The minute Barack Obama got off the plane in Tel Aviv critics were claiming he was the "first sitting American president to visit Israel as a tourist"—i.e., he was there to take pictures, not get shit done. To be sure, his list of tourist activities made my 2006 trip to Israel look like a bathroom break at a strip mall but he also made a surprisingly candid speech arguing for a two-state solution in Israel. This is something a president has never done before:

Put yourself in [the Palestinian's] shoes — look at the world through their eyes. It is not fair that a Palestinian child cannot grow up in a state of her own, and lives with the presence of a foreign army that controls the movements of her parents, every single day. It is not just when settler violence against Palestinians goes unpunished. It is not right to prevent Palestinians from farming their lands; to restrict a student’s ability to move around the West Bank; or to displace Palestinian families from their homes. Neither occupation nor expulsion is the answer. Just as Israelis built a state in their homeland, Palestinians have a right to be a free people in their own land.

The exciting thing about this speech isn't what he said, but that he crafted it well enough that Israeli Prime Minister Bibi Netanyahu wasn't too pissed off to get lunch with him later. In fact, they were on such good terms that Barack Obama was able to persuade Netanyahu to apologize personally to Turkish Prime Minister Rekap Erdogan for a 2010 Israeli raid on a Gaza-bound flotilla that killed 8 Turkish (and one Turkish-American) civilians. The apology was enough for Israel and Turkey to "fully restore" their tarnished diplomatic relationships.

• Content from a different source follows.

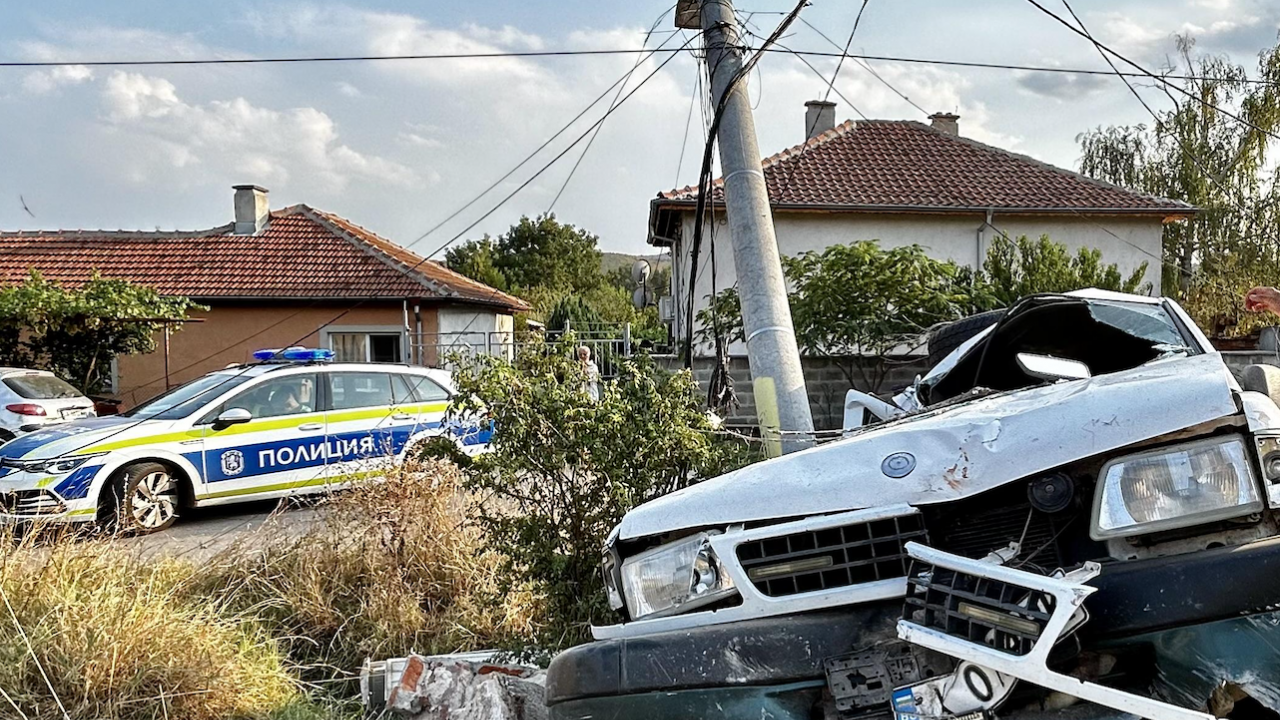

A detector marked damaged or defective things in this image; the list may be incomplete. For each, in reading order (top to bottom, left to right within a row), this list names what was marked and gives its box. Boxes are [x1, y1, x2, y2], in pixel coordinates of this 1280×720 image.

wrecked silver car [545, 288, 1280, 717]
crushed car hood [619, 351, 1239, 540]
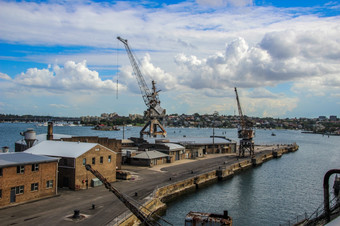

Barack Obama shied away from his condemnation of the West Bank settlements, he didn't reconsider his black-and-white no negotiation policy with Hamas, he made little mention of the colossal crisis happening a stones-throw away in Syria (although he's expected to do so in Jordan), and he didn't spend enough time at Palestinian sites on his tourist ventures.

But, if you're like me—consistently disappointed—you will be pleased that he was ballsy enough to openly push for a two-state solution, and crafty enough to help make Turkey and Israel friends again. I'll take what I can get.